Nor should they. Bethlehem does not need a new Nitschmann Middle School. The 1922 Nitschmann school does not even need a total renovation, requiring the building to be gutted and completely rebuilt. Rather, the district could offer a quality education for decades to come in an upgraded, energy-efficient Nitschmann for $15.4 million -- a quarter of the cost of new construction.

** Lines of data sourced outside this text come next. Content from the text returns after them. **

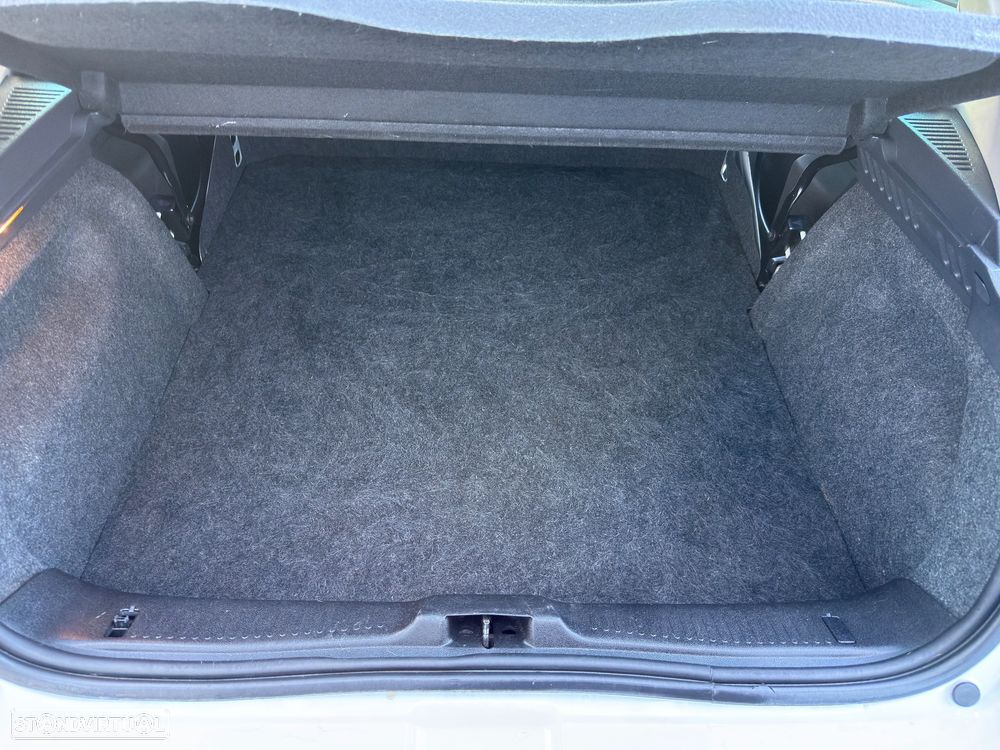 Renault Clio 1.5 Dci IVA dedutivel - 14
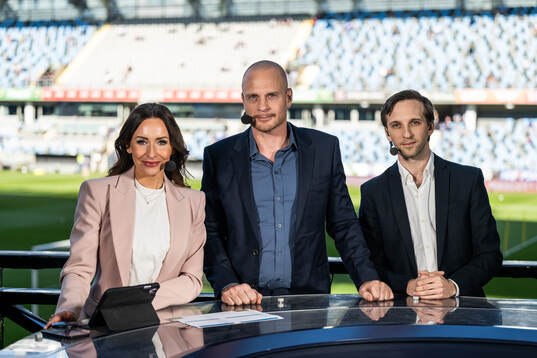 Discovery+ programledare Camilla Nordlund, expert Andreas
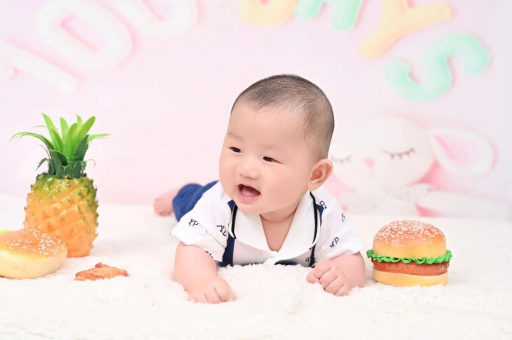 慈利宝宝在妈妈肚子里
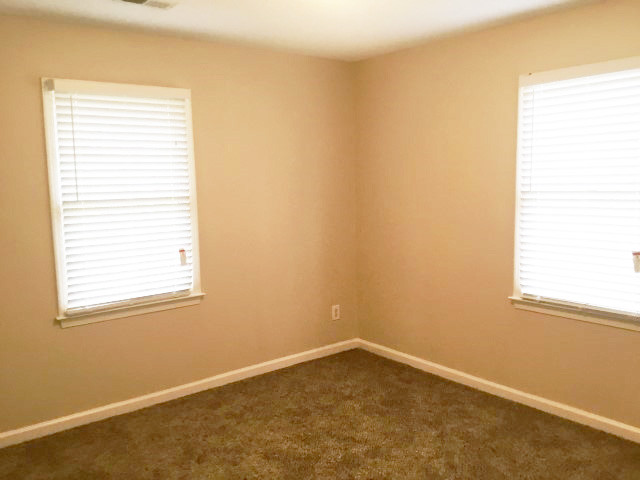 Building Photo - 6400 Ivystone Dr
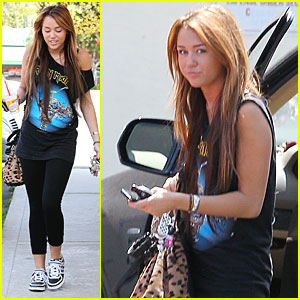 Miley Cyrus: Leopard Print Lovely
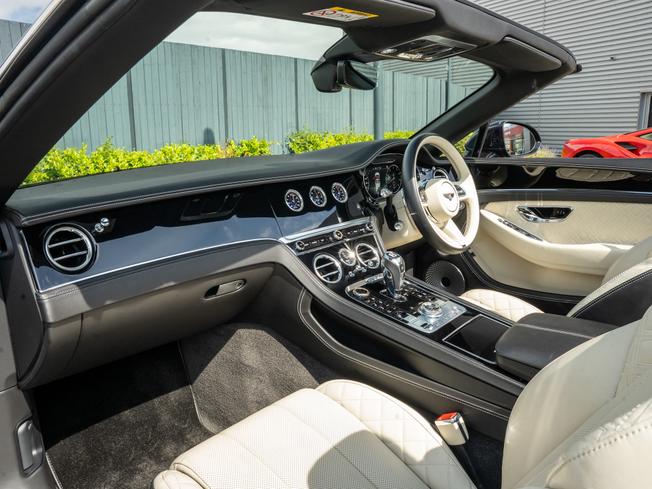 BENTLEY Continental Photo 2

During the last decade, as part of my non-profit’s mission to preserve Pennsylvania’s neighborhood schools, I have toured older school buildings from Erie to Scranton. I have met with architects and reviewed a slew of school district feasibility studies. In 2007, I edited a publication sponsored by the Rendell administration called “Renovate or Replace,” in which the governor’s top cabinet officers, including the secretary of education, suggested that renovating older schools can save tax dollars, reinforce established communities, and still provide facilities that meet 21st century standards. Along the way, unfortunately, I’ve found school districts statewide wasting millions of dollars for school construction they didn’t need and couldn’t afford. Bethlehem is a prime example.
In 2005, I received permission from then-BASD superintendent Joseph Lewis to have the retired head of Maryland’s School Construction Program, Yale Stenzler, tour the 1918 Broughal Middle School with an architect colleague. These experts estimated even major renovations would cost no more than $14 million, preserving the neo-classical building and keeping it right-sized for 650 students.
Instead, the district spent nearly $50 million to build a huge new school and demolish the original Broughal building. The new school can accommodate 1,000 students but enrolls just 590, an enormous waste of space.
Let’s look at Nitschmann. There is no need to replace its foundation, walls, floors, and roof
structure. Like other schools of its era – such as Allentown’s William Allen High School and Bethlehem’s Liberty High School – Nitschmann relies on massive walls and beams to provide structural stability. Its basic frame will never wear out.
So what needs to be done? I recently joined a public tour of Nitschmann and sat through a Power Point presentation by the district’s consultant, D’Huy Engineering. D’Huy presented six options, one of which was far and away the most cost-effective, but was inexplicably pooh-poohed: The district could replace everything that needs to be replaced for $15.4 million and leave the building’s floor plan intact.
Here are the improvements $15.4 million will buy: a new, energy-efficient heating and cooling system; a sprinkler system; new ceilings and floor tiles; replacement windows and exterior doors throughout the building; upgraded electrical systems, including more classroom outlets and new energy-efficient lighting; new kitchen equipment and cafeteria renovations; new seating and auditorium renovations; new door hardware; handicapped accessibility; a newly-sealed building exterior with repointed masonry and new caulking; and many other interior and exterior upgrades.
So what’s left to do? What is missing to justify spending twice as much for “partial” renovations ($33 million) or four times as much for “complete” renovations ($61 million) or a new building ($64 million)?
The presentation was remarkably vague about that. The existing floor plan is inefficient, administrators said, and does not support the district’s educational program. But educational programs come and go. The way we arrange our classrooms, hallways, gymnasiums and auditoriums hasn’t fundamentally changed in more than a century.
Technology is evolving so rapidly it’s impossible to predict how the ideal school might function in the future. To spend $45 million more than necessary just to have something shiny and new – especially in this era of diminished resources -- would be a travesty. Bethlehem can’t afford any more vanity projects when students can learn just as well in a strategically-renovated school.